ハーレーのことを"鐵馬"という。

アメリカ人にとって格好いい車と言えば、スーパーカーではなくピックアップトラックなのである。

かく言う私も、昔乗っていた。

この車は何処へ行っても、「いい車だね〜」と声を掛けられた。

フロリダの田舎町に住んでいた頃、一日に数回スコールが降ったのだが、この雨は正に日本で言う"ゲリラ豪雨"であり、国道が川となったが、この"アバランチ"(シボレーの人気車種)は、それを物ともせずにガンガンと走ってくれた。

それと、荷物を大量に積めることも人気の理由であるが、実はこれらの車は、アメリカ人の開拓者魂が宿っているのだ。

建国前や建国後のゴールドラッシュで、東部にいた人々は一路西へ向かった。

その時使った乗り物は"幌馬車"であり、ピックアップトラックは、幌馬車の進化型という訳である。

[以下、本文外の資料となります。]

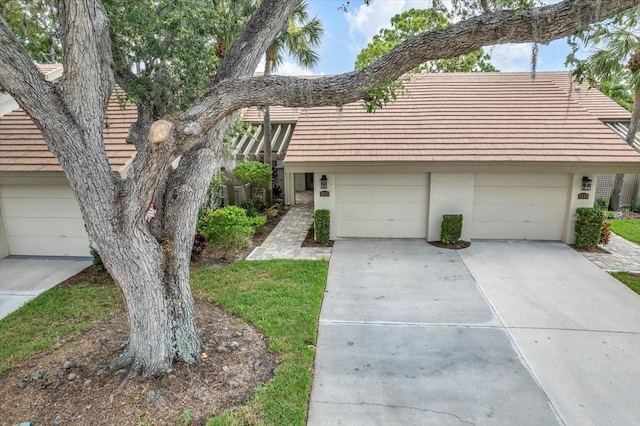 view of front of house featuring a garage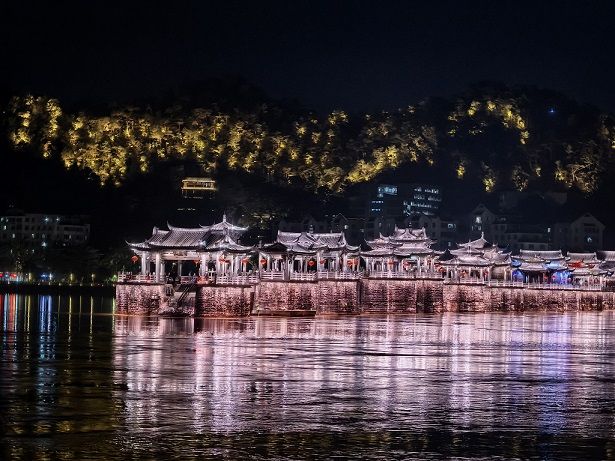 康辉旅游网<潮味花漾>深圳出发潮州古城+牌坊街+广济楼+南澳岛+丹樱生态园+小公园骑楼建筑群汽车往返3天2晚跟团游，感受潮汕非遗文化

この写真はテキサス州なのだが、この光景が永遠と続いているのだ。

「あの地平線まで行けば町がある筈!!!」と自分に言い聞かせたが、地平線まで行けば、又同じ景色が続いているのだ。

テキサス州は最高速75mile(120km)なのだが、その速度で走っていて嫌になるのに、ここを幌馬車でしかも舗装路でない道なき道を行ったのである。

そして、昔の西部劇に出てきた馬乗りの馬が、バイクへとなったから鐵馬というのだ。

 

面白い記事を読んだが、アメリカでバイクのトラブルランキングなるものがあった。

日本車は10%有るか無いかだが、BMWは40%越で、ハーレーは20%台であった。

日本人の解説は、「ハーレーよりBMWの方が壊れ、苦情が多いのは意外だ」的であったが、これはハッキリ言って的外れである。

先ず、BMWだが、このバイクは全て専用コンピューターに繋がねばならないし、電飾すら「バイクのコンピューターが漏電と誤作動してエラーを出す恐れがある」と言われたことがある。

詰まり、自分で弄ることが先ず出来ないバイクなのである。

だから、「何か不具合が起きたら、ディラーに持ってきて」的スタンスなのだが、ハーレーは"壊れる"が前提であるから、"壊れたら自分らで直す"なのである。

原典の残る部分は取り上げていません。